» **TASK DETAILS**:
Transcribe nothing except the lines below that run from the one with "BUREI Leather Watch" to the one with "KOLCZYKI SREBRNE Z", ends included, and do not copy any picture.

(Beginning of MATERIAL SHOWN)

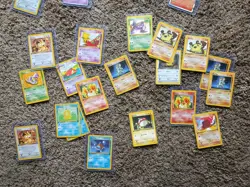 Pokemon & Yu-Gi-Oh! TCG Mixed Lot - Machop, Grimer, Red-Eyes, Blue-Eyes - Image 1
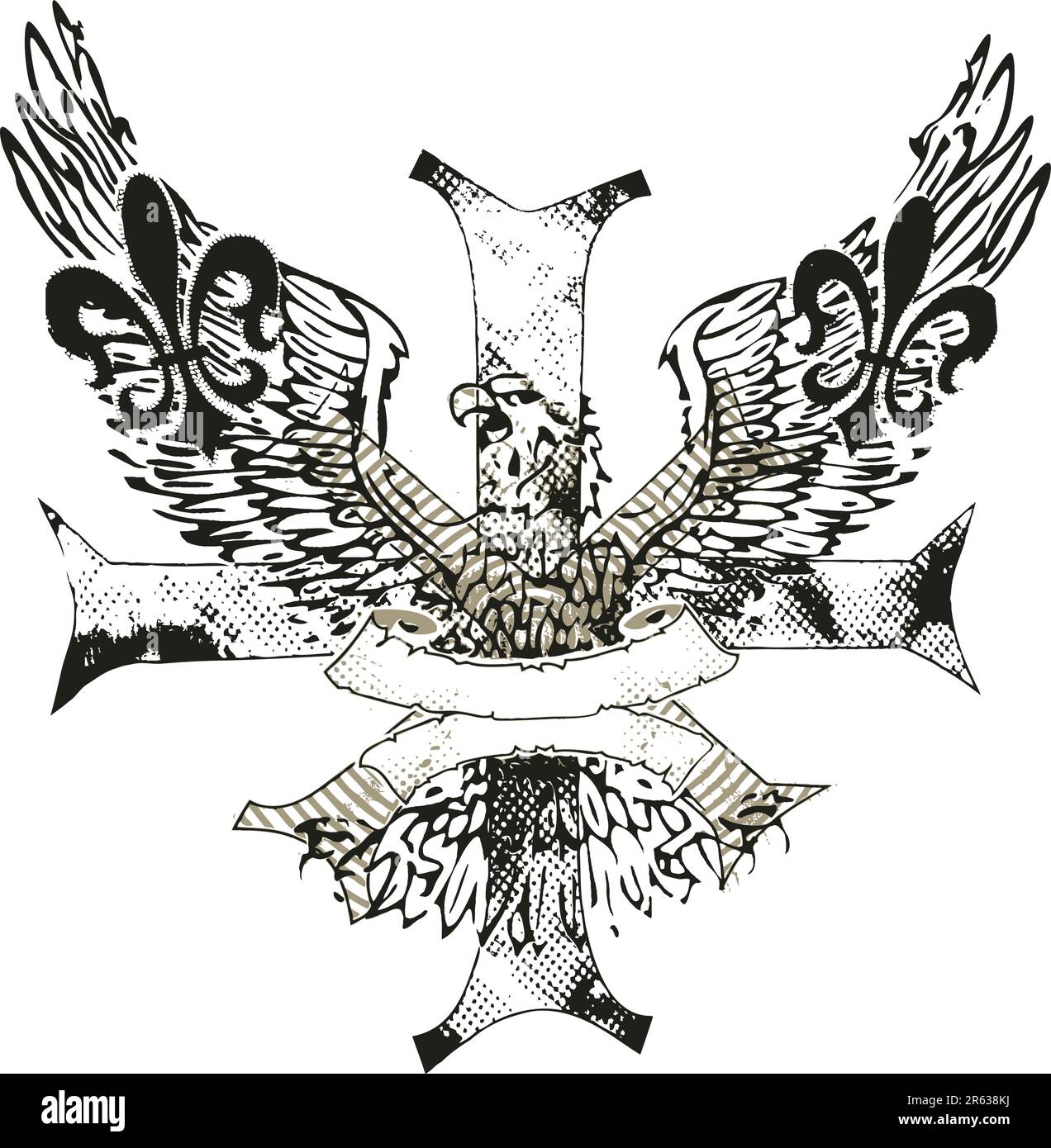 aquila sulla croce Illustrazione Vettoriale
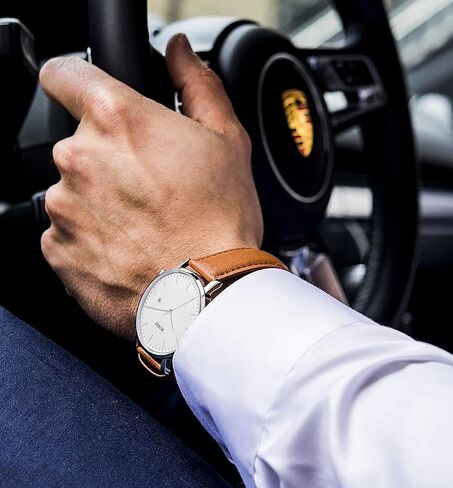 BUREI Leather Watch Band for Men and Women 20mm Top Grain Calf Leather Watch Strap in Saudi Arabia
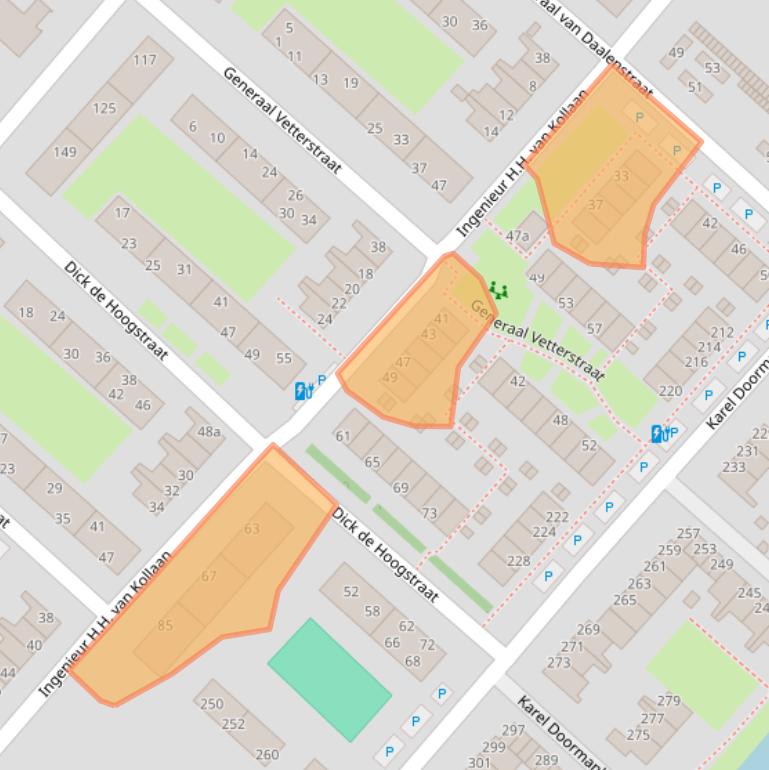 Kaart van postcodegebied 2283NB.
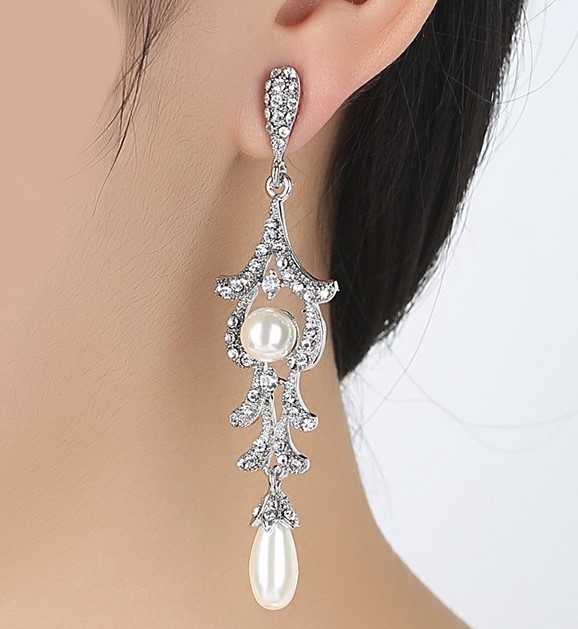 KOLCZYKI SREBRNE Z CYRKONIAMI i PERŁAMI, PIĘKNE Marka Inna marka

(End of MATERIAL SHOWN)
(Beginning of MATERIAL SHOWN)

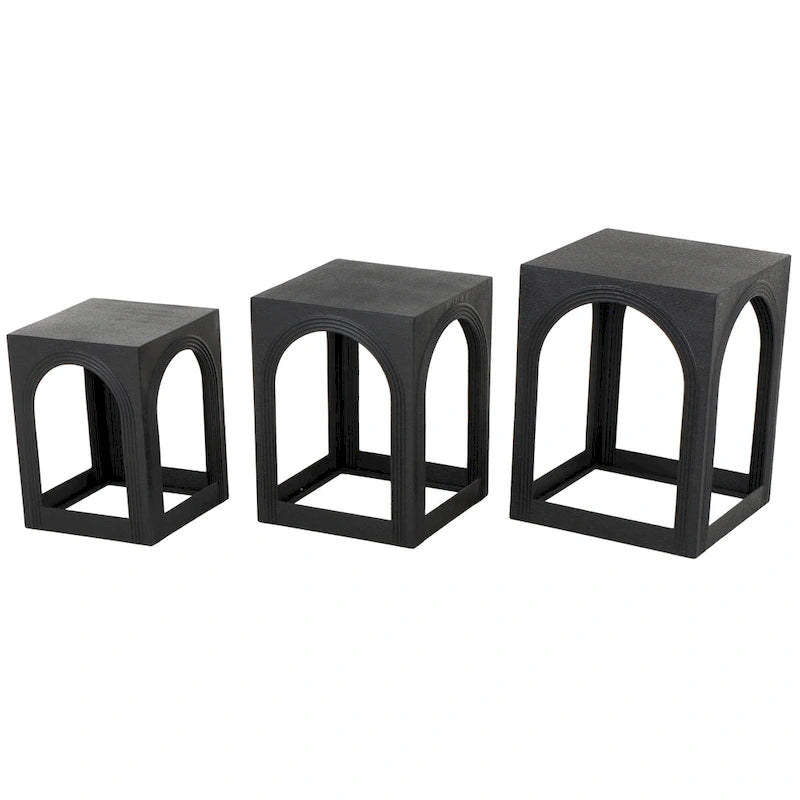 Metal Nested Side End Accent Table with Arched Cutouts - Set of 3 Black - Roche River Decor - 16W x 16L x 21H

(End of MATERIAL SHOWN)

» **EXERCISE OUTPUT**:
 BUREI Leather Watch Band for Men and Women 20mm Top Grain Calf Leather Watch Strap in Saudi Arabia
 Kaart van postcodegebied 2283NB.
 KOLCZYKI SREBRNE Z CYRKONIAMI i PERŁAMI, PIĘKNE Marka Inna marka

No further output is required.